As scientific research is proving and real-time observations are illustrating, carbon emissions caused by human activities are beginning to alter the global climate system. This has been linked to noticeable and complex impacts across the globe, including:

  • Colder regions of the globe are experiencing gradual melting of the polar ice-caps in the Arctic & Antarctic regions and glaciers found in high-altitude mountain ranges.
  • Frequent and high-intensity wildfires causing extensive environmental and infrastructure damage to Eastern Australia, California (USA) and countries around the Mediterranean Sea.
  • Increasing frequency of extreme weather events in South Africa, such as prolonged droughts in the Northern and Eastern Cape Provinces, and destructive flooding in KwaZulu-Natal.
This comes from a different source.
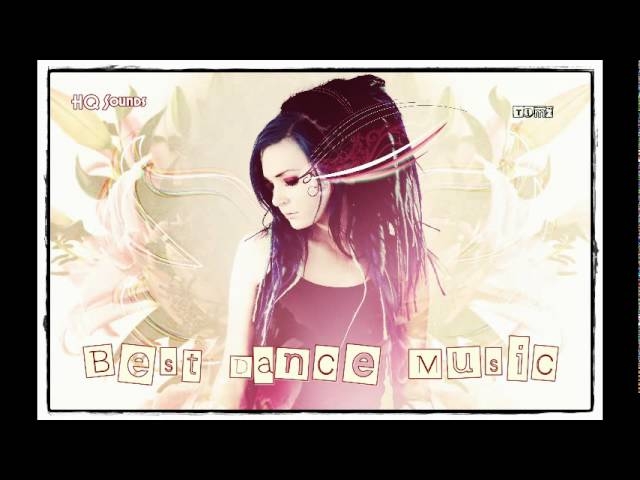 Wideboys Club Mix - One Night In La (Gangsta Walk)(The Glam feat.Coolio & Snoop Dogg) [Lyrics] [HQ]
The Carbon Tax forms part of national legislation released in 2019 in response to the commitments made by South Africa toward curbing carbon emissions which are in line with the targets set out in the Paris Agreement of 2016, of which South Africa is a signatory. The Carbon Tax is scheduled to be rolled out in multiple phases – South Africa is currently in Phase 1 of the roll-out, with Phase 2 (applicable to the agricultural industry) originally scheduled to begin on 31 December 2022.

The 2022 Budget proposal announced early in 2022 resulted in a proposal for Phase 2 of the Carbon Tax roll-out in South Africa to be delayed – it proposed that Phase 2 of the Carbon Tax be delayed by three years and become effective on 31 December 2025. Please refer to page 48 of the 2022 Budget Review.

With this delay in mind, and due to the already strong focus from global markets (e.g. via the SDG’s, Paris agreement, UK Green deal, etc.), SIZA aims to encourage members to prepare for the looming Carbon Tax requirement. Recordkeeping of energy usage will assist producers with calculating their Carbon Footprint, as a year’s worth of data is needed for this calculation, and further assists members with illustrating the improvement made toward reducing carbon emissions.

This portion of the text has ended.